» TASK REQUIREMENTS: What you return must be an exact copy of the lines in the listing below between the line holding "香烟燃烧的不同阶段矢量图孤立在白色上" and the line holding "Goldene Stunde .... violettes Leuchten", inclusive, and nothing more.

» AVAILABLE DATA:
== == ==
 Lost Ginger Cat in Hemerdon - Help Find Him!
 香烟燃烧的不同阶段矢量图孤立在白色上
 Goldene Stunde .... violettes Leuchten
== == ==
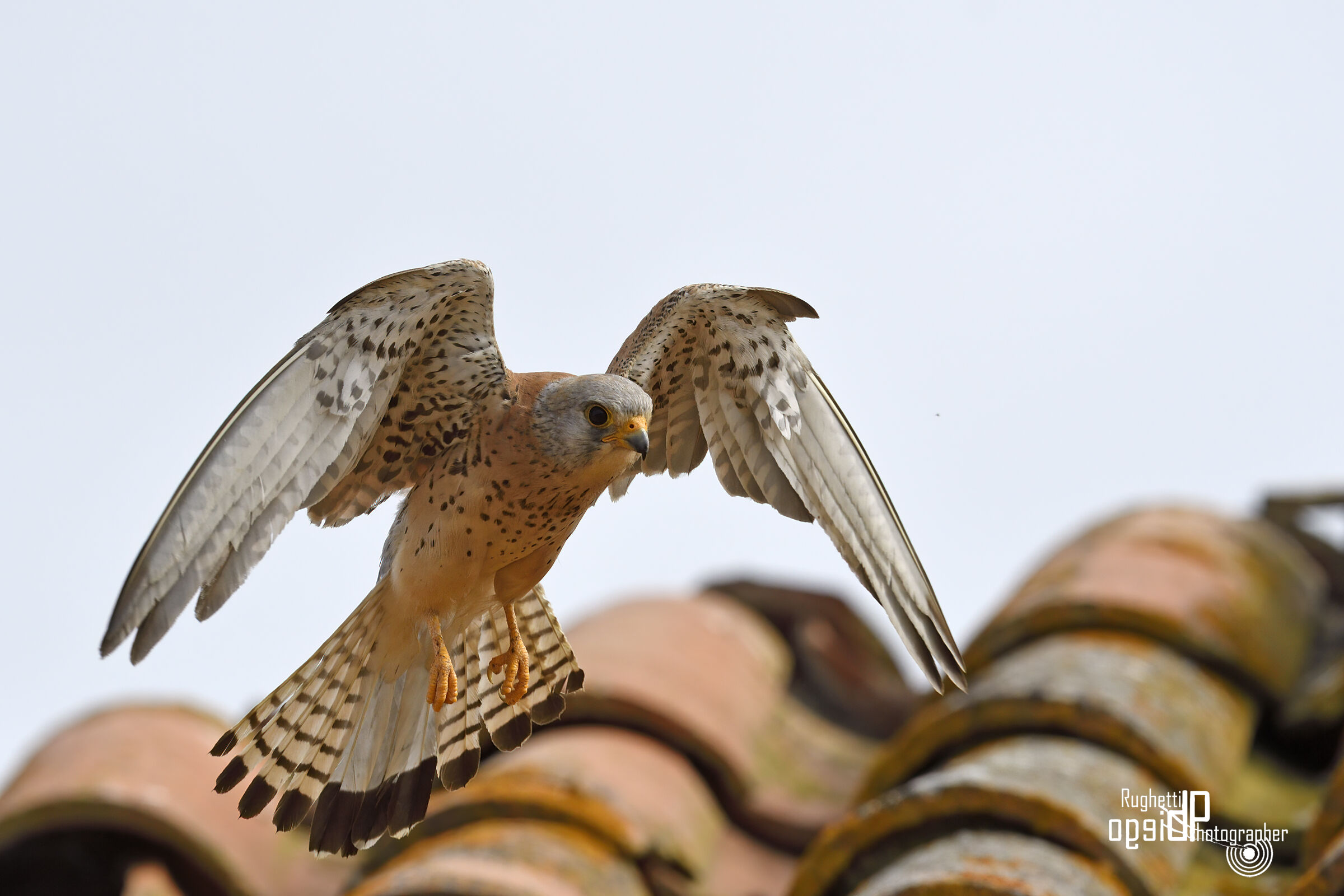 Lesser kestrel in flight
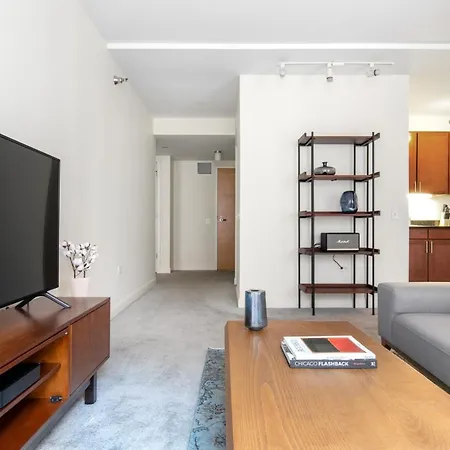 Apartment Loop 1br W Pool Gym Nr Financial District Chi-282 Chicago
== == ==
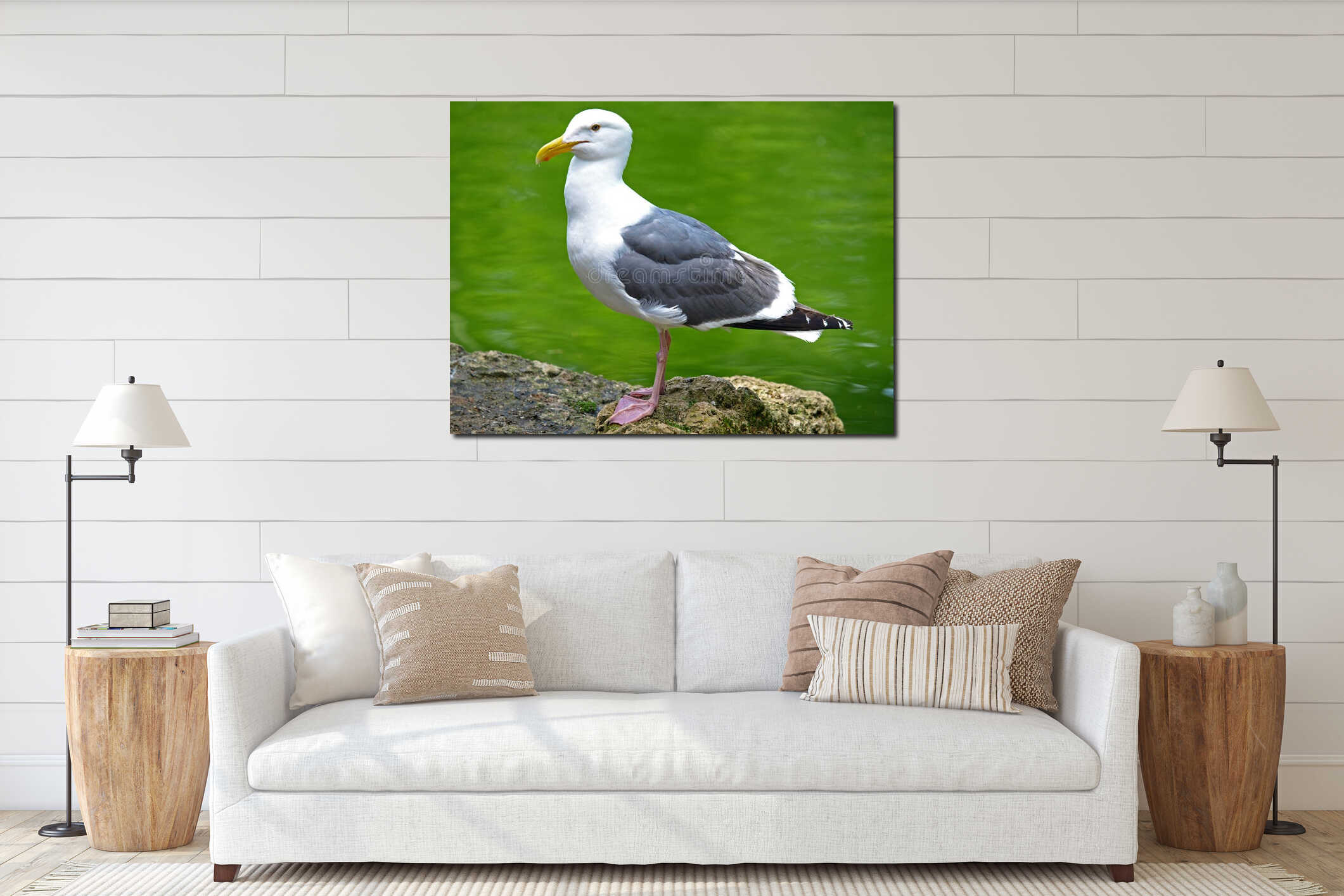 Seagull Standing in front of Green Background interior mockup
== == ==
» ANSWER BOX:
 香烟燃烧的不同阶段矢量图孤立在白色上
 Goldene Stunde .... violettes Leuchten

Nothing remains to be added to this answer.